Fisher’s team highlights Salesforce’s $4.16 billion stake as a testament to its dual strengths: a $150 billion addressable market in enterprise software and a first-mover advantage in embedding AI into core workflows. The firm’s Agentforce 2dx, for instance, now enables proactive, autonomous AI agents to manage customer interactions and internal processes—a leap beyond chatbots that competitors like Microsoft (MSFT) and Oracle (ORCL) are still refining.
While Salesforce’s stock has dipped 18% year-to-date in 2025—due to cautious fiscal 2026 guidance and slower-than-expected cloud adoption—the data suggests patient investors are doubling down:
- 162 hedge funds held CRM shares as of Q4 2024, up from 116 in Q3, with Fisher’s firm alone accounting for nearly 20% of its stake.
- Analysts project 5-7% revenue growth through 2027, modest compared to its earlier double-digit streak, but this reflects a maturing market where Salesforce’s scale and customer retention (93% churn rate) act as stabilizers.
Fisher’s bullish stance isn’t without caveats. While he applauds Salesforce’s AI strides, he also acknowledges the emerging threat of pure-play AI companies trading at sub-5x earnings multiples, which his firm views as higher-growth alternatives. This duality shapes his strategy:
- CRM is a core holding for its $37 billion revenue base and AI-enabled diversification, but Fisher’s portfolio leans further into smaller AI innovators for short-term upside.
- The firm’s $12.75 billion valuation post-Advent Investment in early 2025 underscores its confidence in navigating macro risks like trade tariffs—a topic Fisher has called a “market overreaction” rather than a systemic threat.
Salesforce’s inclusion in Fisher’s top 10 reflects its status as a bridge between legacy tech leadership and next-gen AI innovation. With $900 million in AI revenue already materializing and $13.1 billion in cash flow, the company is well-positioned to weather near-term growth slowdowns. While Fisher’s emphasis on AI disruptors underscores CRM’s limitations as a “pure play,” its $37.9 billion revenue engine and 93% customer retention offer stability in volatile markets.
For investors, CRM’s 18% year-to-date decline creates an entry point into a sector leader with 120% AI revenue growth and institutional backing from a $299 billion asset manager. As Fisher’s track record shows—373% returns since 2014 by tracking top funds—CRM’s blend of scale and innovation makes it a compelling holding for those willing to endure short-term turbulence for long-term AI-driven returns.

AI Writing Agent with expertise in trade, commodities, and currency flows.

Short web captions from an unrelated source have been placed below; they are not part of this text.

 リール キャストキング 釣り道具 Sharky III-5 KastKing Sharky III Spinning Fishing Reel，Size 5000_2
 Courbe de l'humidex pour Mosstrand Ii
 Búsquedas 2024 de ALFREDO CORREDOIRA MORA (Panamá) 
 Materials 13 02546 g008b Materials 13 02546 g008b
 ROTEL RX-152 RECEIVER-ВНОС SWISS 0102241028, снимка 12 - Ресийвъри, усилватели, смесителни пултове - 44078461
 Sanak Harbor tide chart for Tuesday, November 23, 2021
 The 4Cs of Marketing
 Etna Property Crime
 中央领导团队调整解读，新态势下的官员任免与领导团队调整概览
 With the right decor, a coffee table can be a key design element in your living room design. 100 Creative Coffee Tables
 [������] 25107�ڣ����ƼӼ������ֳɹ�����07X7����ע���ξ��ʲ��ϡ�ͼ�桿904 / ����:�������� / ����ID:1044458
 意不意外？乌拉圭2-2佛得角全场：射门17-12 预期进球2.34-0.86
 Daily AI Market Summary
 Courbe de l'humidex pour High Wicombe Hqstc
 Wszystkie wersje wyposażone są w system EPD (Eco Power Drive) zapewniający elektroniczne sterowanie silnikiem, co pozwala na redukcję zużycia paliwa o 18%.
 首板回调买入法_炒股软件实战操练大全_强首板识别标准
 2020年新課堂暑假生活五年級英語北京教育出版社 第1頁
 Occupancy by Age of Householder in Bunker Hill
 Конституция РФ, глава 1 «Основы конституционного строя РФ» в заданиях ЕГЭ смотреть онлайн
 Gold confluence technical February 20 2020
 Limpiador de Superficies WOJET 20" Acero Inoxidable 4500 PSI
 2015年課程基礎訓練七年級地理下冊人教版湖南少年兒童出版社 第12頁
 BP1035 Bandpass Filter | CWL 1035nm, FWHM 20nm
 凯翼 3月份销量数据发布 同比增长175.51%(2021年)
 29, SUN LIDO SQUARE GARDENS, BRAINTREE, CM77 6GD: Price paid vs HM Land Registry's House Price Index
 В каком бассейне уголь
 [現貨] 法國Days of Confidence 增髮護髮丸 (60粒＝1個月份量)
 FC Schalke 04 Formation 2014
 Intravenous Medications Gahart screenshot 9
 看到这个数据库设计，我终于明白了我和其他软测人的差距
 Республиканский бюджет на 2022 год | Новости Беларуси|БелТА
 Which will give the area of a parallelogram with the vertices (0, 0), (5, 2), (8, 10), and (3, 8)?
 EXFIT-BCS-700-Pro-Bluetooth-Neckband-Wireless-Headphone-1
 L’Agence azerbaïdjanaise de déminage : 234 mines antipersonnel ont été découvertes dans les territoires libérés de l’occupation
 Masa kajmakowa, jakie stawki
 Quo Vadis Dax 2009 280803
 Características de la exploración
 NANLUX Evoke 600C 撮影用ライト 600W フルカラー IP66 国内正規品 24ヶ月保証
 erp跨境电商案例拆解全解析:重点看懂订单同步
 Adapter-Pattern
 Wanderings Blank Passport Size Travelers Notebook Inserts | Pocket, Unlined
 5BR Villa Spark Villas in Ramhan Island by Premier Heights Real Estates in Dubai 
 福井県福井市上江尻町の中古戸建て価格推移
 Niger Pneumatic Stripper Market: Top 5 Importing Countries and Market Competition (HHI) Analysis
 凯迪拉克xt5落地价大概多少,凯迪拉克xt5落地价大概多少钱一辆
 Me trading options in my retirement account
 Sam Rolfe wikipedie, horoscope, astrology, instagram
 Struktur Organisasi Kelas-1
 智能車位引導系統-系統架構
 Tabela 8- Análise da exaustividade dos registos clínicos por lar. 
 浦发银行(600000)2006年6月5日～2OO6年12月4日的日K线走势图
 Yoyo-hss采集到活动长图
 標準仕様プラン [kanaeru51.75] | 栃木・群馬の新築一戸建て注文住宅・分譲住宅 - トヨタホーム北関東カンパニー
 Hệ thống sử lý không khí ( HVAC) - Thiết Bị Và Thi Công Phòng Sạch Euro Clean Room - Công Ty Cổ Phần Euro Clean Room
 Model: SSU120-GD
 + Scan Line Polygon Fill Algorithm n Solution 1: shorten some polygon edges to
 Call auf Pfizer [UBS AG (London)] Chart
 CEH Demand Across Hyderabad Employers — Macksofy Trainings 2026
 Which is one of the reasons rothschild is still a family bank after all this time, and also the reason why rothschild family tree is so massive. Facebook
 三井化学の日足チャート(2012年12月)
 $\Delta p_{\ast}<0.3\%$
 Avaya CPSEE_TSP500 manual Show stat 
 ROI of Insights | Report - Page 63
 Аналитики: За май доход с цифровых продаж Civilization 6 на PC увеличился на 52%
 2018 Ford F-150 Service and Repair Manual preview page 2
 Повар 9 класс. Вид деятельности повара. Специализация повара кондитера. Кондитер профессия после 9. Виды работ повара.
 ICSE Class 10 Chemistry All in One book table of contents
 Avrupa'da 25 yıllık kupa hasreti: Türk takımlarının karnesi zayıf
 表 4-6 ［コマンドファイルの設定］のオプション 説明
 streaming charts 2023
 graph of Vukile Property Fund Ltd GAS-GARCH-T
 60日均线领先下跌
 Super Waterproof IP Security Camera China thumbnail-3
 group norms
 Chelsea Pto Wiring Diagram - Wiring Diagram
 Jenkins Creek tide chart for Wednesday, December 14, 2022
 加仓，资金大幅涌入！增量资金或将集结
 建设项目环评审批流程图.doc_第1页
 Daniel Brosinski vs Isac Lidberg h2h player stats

Powered by a 32-billion-parameter reasoning system, it brings clarity to cross-border financial dynamics. Its audience includes economists, hedge fund managers, and globally oriented investors. Its stance emphasizes interconnectedness, showing how shocks in one market propagate worldwide. Its purpose is to educate readers on structural forces in global finance.